To store a String literal in itself, String will set Vec’s (RawVec’s)
cap field to 0.
RawVec already has to check for
cap = 0 in its Drop implementation, so this will incur no overhead there. Vec may need to add its own
cap = 0 check if we want to make Vec itself Cow to avoid dropping the contents. However this will easily be optimized into the same branch RawVec has, at no cost (RawVec needs to keep the branch for its other consumers).
Many Vec APIs already check for
len == cap for if they should reallocate.

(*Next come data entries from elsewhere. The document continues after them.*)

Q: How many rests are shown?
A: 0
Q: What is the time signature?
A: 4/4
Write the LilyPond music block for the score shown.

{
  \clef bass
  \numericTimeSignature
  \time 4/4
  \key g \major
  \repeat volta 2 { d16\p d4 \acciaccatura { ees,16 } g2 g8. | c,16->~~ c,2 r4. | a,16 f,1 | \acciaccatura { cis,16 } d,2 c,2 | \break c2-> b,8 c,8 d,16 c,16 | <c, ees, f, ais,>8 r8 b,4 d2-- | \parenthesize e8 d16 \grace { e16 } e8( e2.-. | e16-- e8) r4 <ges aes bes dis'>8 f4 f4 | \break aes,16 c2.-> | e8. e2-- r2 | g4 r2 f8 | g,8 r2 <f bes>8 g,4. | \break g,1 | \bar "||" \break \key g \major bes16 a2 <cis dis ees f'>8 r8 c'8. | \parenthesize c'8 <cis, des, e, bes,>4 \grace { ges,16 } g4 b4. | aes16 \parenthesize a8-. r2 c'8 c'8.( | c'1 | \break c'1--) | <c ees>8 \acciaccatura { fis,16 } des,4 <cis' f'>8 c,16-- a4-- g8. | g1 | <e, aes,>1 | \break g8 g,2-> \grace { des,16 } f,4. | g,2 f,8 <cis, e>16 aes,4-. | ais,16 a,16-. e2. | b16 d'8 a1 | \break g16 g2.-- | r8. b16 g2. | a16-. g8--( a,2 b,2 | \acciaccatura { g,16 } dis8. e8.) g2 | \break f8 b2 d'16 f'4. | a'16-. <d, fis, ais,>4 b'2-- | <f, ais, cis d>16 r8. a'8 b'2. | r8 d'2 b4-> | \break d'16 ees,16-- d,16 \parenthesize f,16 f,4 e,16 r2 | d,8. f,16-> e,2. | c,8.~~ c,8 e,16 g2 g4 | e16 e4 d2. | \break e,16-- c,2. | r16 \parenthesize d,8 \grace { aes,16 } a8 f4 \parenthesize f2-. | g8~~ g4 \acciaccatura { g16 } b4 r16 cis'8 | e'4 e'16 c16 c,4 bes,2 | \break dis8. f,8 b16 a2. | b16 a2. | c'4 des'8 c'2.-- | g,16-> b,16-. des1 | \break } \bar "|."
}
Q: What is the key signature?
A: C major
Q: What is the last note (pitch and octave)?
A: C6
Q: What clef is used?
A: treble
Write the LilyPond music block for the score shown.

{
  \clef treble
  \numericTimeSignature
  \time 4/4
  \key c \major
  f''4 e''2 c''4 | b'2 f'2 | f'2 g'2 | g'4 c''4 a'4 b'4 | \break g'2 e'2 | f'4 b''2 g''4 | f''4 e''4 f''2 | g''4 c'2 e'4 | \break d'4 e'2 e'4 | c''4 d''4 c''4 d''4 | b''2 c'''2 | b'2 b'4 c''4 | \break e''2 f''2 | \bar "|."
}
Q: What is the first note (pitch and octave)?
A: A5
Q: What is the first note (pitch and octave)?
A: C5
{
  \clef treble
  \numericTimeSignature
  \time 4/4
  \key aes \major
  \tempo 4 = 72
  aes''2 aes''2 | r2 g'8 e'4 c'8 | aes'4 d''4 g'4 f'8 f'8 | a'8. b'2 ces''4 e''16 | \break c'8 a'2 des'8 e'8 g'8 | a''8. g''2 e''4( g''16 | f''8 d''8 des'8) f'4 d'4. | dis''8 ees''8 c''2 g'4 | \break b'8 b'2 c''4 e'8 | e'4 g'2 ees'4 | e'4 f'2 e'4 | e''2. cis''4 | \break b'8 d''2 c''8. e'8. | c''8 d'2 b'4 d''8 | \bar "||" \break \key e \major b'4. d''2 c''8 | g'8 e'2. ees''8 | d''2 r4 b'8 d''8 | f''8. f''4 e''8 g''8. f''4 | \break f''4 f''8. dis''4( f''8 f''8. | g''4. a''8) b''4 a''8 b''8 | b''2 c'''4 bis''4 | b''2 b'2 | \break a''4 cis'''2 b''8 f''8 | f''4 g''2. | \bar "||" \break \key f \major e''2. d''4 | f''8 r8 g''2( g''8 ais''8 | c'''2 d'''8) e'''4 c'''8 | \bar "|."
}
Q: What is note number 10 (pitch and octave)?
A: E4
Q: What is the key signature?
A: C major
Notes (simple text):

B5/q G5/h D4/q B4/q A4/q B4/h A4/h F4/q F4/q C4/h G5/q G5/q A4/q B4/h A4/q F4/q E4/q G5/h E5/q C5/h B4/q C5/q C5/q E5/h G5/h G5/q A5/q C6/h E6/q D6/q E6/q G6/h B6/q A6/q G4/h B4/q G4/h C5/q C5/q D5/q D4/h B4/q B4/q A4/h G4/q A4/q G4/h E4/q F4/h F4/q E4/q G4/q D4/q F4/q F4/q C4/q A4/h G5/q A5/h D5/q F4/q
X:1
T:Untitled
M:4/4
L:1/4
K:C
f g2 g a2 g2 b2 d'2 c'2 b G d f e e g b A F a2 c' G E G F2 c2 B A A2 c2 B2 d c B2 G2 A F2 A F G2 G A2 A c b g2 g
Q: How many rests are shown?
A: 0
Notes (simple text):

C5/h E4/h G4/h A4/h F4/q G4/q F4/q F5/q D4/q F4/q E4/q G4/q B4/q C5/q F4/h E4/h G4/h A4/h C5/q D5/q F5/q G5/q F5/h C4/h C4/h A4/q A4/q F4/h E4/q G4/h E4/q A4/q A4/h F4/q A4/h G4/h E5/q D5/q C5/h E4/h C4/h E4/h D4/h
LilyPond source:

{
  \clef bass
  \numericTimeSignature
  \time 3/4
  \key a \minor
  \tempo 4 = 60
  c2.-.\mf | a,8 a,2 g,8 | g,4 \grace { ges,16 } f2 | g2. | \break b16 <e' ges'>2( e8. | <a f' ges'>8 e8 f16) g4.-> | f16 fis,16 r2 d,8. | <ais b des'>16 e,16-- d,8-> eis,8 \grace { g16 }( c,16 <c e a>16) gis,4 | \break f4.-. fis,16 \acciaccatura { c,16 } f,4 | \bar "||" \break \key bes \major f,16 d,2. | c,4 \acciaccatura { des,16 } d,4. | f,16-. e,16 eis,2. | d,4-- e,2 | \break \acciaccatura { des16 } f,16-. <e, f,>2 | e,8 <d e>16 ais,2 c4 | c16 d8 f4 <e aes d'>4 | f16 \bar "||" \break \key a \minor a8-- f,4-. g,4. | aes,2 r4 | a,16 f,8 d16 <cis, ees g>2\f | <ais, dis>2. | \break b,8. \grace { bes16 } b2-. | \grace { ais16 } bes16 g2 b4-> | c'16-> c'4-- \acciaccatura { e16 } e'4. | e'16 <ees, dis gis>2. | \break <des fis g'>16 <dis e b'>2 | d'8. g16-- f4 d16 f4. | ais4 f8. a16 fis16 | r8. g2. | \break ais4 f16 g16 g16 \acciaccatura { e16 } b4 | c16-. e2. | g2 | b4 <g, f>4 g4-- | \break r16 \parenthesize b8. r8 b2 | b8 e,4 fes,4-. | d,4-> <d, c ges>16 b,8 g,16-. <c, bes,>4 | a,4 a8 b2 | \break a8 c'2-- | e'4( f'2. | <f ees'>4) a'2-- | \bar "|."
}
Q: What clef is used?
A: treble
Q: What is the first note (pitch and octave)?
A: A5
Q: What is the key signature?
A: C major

This should be changed to
len >= cap, which will incur no overhead.
However the reallocation code currently won’t do the right thing.
double will need to be updated to take a
used_cap argument, and check for it in the already existing
cap = 0 branch. This will be basically free, since it will be adding a branch to an already-cold path.
The reserve functions will also need to update their fast-path branches. This is relatively sensitive since reserve evaporating has historically been very important for optimizing iterator loops into memcopies. I’m cautiously optimistic since it will just be changing
cap - len >= requested_extra into something like
cap != 0 && cap - len >= requested_extra, which is hopefully “obvious” to the optimizer due to cap increasing by a usize.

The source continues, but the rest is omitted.